Eh, you're being obtuse and missing the point deliberately. There is no "compo culture"
If NTL have to put a wire on my property to access other properties in order to make money I should be paid for that access.
I don't think that's unreasonable.


----------



## bullbars (25 Jun 2007)

Where does it stop though? If everyone woke up tomorrow and said they wanted payment for;
a. NTL cables
b. Eircom Cables
c. Main sewerage
d. Storm water discharge
We could all ring  up tomorrow and threaten to cut all services unless a cheque was issued.Where would we be then?
All costs would be eventually pushed back on to the consumer, leading to a new thread on this website complaing about how we are paying too mush for services etc.


----------



## KalEl (25 Jun 2007)

bullbars said:


> Where does it stop though? If everyone woke up tomorrow and said they wanted payment for;
> a. NTL cables
> b. Eircom Cables
> c. Main sewerage
> ...


 
I think it's pretty straightforward really and some of examples you give are not particularly relevant. Sewerage is a community type thing.
But if NTL want to use someones land for wires to make money elsewhere they should pay for it.


----------



## bullbars (26 Jun 2007)

If you were affected by this or if it was obstructing you in some way you would be entitled to compensation. In the original posters situation I would no doubt be extremely angry to find a couple of lads with a ladder against my house with no notice given! 
Eircom chambers are often located in someones garden, are they therefore entitled to go out and threaten to cut cables all sides? If your telephone/internet was cut off due to cables being rerouted would you be as sympathetic?
Its compo-culture and nothing more.
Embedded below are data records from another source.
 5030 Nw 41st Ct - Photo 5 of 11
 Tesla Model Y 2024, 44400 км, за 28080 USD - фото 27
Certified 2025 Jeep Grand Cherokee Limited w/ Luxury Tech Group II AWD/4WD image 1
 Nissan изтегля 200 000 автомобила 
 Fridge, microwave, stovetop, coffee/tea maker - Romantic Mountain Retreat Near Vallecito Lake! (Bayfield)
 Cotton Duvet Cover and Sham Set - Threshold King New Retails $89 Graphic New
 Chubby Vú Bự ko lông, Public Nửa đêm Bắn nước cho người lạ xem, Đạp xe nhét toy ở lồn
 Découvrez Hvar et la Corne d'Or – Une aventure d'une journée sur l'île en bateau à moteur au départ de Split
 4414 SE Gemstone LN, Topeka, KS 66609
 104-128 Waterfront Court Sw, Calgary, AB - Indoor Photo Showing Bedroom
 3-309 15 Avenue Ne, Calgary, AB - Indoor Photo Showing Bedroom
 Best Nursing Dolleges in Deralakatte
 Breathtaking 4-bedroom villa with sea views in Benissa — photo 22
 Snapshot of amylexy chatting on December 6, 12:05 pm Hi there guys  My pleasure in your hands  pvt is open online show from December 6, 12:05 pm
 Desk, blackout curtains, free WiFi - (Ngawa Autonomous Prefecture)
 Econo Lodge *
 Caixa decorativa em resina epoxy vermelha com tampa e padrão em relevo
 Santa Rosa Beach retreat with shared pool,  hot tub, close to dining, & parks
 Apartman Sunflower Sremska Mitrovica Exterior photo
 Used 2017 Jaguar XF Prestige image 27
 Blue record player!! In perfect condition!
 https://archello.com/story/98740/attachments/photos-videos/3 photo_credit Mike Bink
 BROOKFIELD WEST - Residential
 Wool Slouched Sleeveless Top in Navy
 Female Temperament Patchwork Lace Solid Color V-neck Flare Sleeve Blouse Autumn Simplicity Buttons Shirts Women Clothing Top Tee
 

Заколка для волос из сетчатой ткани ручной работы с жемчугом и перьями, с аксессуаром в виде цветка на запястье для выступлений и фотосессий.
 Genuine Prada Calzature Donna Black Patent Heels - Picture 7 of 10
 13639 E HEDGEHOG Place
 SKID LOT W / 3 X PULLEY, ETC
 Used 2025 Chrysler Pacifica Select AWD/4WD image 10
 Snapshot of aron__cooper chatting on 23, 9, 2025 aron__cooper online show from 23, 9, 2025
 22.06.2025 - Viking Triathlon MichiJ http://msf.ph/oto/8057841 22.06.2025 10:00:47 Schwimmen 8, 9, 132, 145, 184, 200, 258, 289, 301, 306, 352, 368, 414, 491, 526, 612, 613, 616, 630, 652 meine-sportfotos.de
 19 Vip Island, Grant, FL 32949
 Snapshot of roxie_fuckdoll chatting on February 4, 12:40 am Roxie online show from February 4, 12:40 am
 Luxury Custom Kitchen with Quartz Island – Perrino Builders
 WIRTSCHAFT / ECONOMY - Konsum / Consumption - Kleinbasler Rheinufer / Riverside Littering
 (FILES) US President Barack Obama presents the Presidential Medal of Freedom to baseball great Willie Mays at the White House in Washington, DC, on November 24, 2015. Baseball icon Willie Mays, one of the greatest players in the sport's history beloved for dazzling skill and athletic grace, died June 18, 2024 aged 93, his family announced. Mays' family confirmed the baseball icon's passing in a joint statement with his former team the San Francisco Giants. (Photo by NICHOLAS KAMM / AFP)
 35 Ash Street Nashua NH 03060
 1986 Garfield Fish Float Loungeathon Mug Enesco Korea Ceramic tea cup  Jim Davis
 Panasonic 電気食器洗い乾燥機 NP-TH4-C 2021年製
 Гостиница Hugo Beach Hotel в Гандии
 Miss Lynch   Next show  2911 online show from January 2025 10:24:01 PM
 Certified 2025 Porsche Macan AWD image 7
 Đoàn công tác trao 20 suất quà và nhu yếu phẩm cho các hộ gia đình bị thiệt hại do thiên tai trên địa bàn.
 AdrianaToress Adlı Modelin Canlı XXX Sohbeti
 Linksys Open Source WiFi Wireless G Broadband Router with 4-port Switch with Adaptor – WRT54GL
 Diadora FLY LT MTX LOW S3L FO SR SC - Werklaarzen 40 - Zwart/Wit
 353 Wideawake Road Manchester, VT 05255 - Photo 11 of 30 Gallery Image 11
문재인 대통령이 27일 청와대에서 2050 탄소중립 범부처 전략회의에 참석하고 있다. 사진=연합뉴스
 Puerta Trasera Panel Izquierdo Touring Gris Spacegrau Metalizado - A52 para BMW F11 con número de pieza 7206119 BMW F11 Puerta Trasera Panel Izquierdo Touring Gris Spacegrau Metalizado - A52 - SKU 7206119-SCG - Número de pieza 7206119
If the cables weren't there you'd be no better or no worse off.


----------



## KalEl (26 Jun 2007)

bullbars said:


> Its compo-culture and nothing more. If the cables weren't there you'd be no better or no worse off.


 
Right, so if NTL came to you and said "There's an estate behind your land we need to access in order to make a pile of money. The only way to access it is over your land. Is it ok if the lads just lash it down and say no more?" you'd be happy enough?
I don't think so


----------



## bullbars (26 Jun 2007)

If it was one wire approx 1cm in diameter and was unobtrusive ie clipped along the fascia board as normal I dont see the problem. the NTL cable is already on my house like everyone else's
As I said if its in the way or obs tructing your daily life then you would have a case


----------



## ClubMan (26 Jun 2007)

bullbars said:


> Ithe NTL cable is already on my house like everyone else's


Not on mine - they're underground in our estate thankfully.


----------



## bullbars (26 Jun 2007)

Yes, of course new estates now have them underground,(Maybe they heard us talking) but are you now entitled to have this duct running under your garden?!


----------



## extopia (26 Jun 2007)

I'm inclined to agree in principle with the last two posters, but then again it was arrogant and cheeky of the company to do work on the property without notice or consent (and also it's NTL, one of the biggest messes of a company we've ever had to deal with) so I don't blame the OP for pushing back.


----------



## bullbars (26 Jun 2007)

Of course, I ,and I think everyone, would be fuming to come home to that, all it took was a bit of notice. Although I dont want to get in to their service dept. proceedures as I think there's another thread discussing them also!


----------



## ClubMan (26 Jun 2007)

bullbars said:


> Yes, of course new estates now have them underground


The house in question is 12 years old.


> but are you now entitled to have this duct running under your garden?!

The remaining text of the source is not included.